Merardo Moreno-Moreno v. U.S. Atty. Gen.

208 F. App'x 697
CourtCourt of Appeals for the Eleventh Circuit
DecidedNovember 16, 2006
Docket06-11117
StatusUnpublished

This text of 208 F. App'x 697 (Merardo Moreno-Moreno v. U.S. Atty. Gen.) is published on Counsel Stack Legal Research, covering Court of Appeals for the Eleventh Circuit primary law. Counsel Stack provides free access to over 12 million legal documents including statutes, case law, regulations, and constitutions.

Bluebook
Merardo Moreno-Moreno v. U.S. Atty. Gen., 208 F. App'x 697 (11th Cir. 2006).

Opinion

PER CURIAM:

Merardo Moreno Moreno, on behalf of himself and his family, 1 petitions for review of the final order of the Board of Immigration Appeals (BIA). The BIA’s order affirmed the Immigration Judge’s (IJ) denial of his application for asylum and withholding of removal under the Immigration and Nationality Act (INA). We dismiss petitioner’s claim regarding asylum because we lack jurisdiction to review the BIA’s determination of the timeliness of asylum applications and deny petitioner’s withholding of removal claim because substantial evidence supports the BIA’s decision.

I. Background

Moreno entered the United States on March 5, 1995; Valenzuela entered on March 9, 1997; and Garcia, Angie and Katherine entered the United States on October 26, 1997. All of the petitioners arrived in this country on tourist visas and remained past the expiration date of those visas. Accordingly, the INS 2 issued all of them notices to appear, charging them with removability under INA § 237(a)(1)(B).

In 2002, seven years after entering the country, Moreno applied for asylum and withholding of removal under both section 241(b)(3)(B) of the INA and the Convention Against Torture (CAT). 3 In his application, Moreno described a series of threats and attacks against himself and his family in Columbia from 1992 to 2002. Moreno alleged that he was persecuted by the Revolutionary Armed Forces of Columbia (FARC) because of his work as a *699 forensic investigator and his political activities.

At the hearing conducted in 2004, all parties conceded their removability and requested asylum and withholding of removal, as well as relief under the CAT. Moreno, his present wife Maribel Garcia, her daughter Adriana, and Moreno’s former co-worker, Servando Serrano, all testified at the immigration hearing. 4

Moreno testified that he first began working as a criminal investigator in 1990 and took a full-time position after he graduated from university in 1992. Moreno served in the prosecutor’s office in Barranquilla, Columbia; his work involved technical crime scene investigations primarily for narcotics trafficking, money laundering, and homicide investigations.

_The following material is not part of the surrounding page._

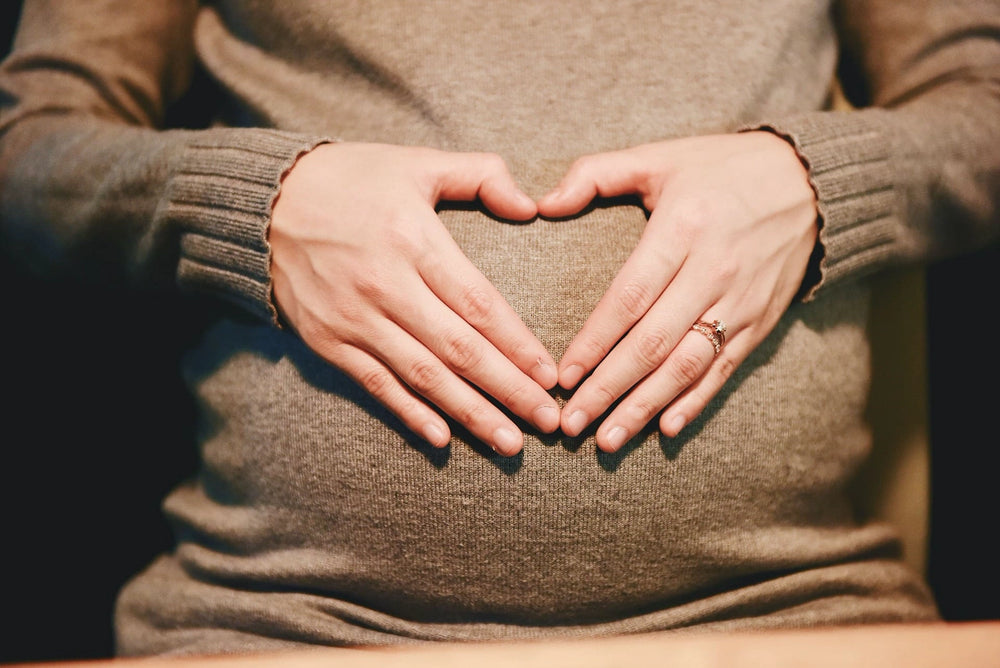 Pregnant woman's hands forming a heart shape over her belly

Moreno testified that he was shot in the arm by unknown assailants during an August 10, 1992 investigation in the so-called “black zone.” He reported the attack to his supervisors and they decided to take him off the case but did not investigate further.

Moreno claimed that in 1993 he was part of a large money laundering investigation, an investigation of ESCORPO, and an investigation into a coastal cartel led by Pablo Escobar. However, Moreno provided no details regarding any of these investigations. During an investigation into the killing of a large number of homeless individuals at a university, a bomb was found at the investigators’ office but it did not explode. 5

Moreno described a kidnaping attempt against Katherine and Adriana that occurred on April 26, 1993. Moreno testified that his daughters had been told that they were intercepted in retaliation for Moreno’s work. He did not report the incident to any authorities.

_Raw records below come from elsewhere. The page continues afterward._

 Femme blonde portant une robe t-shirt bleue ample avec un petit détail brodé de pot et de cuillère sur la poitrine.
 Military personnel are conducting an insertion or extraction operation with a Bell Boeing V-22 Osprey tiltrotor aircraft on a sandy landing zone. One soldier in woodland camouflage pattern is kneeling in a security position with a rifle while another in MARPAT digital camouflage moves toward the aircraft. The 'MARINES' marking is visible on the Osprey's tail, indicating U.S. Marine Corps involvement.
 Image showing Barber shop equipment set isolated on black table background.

Moreno left the prosecutor’s office in July 1993 because he was told the office did not need his services anymore after the cartel investigation but Moreno believed that his office may have been infiltrated by guerrillas and other traffickers.

Moreno testified that he received threatening phone calls in January of 1994. 6 He further stated that in February 1994, after he had left the prosecutor’s office, he was at a bar in Barranquilla with friends when a stranger walked into the bar and fired a gun at Moreno. The unidentified man fled, but the police did not file a report because no one was hurt.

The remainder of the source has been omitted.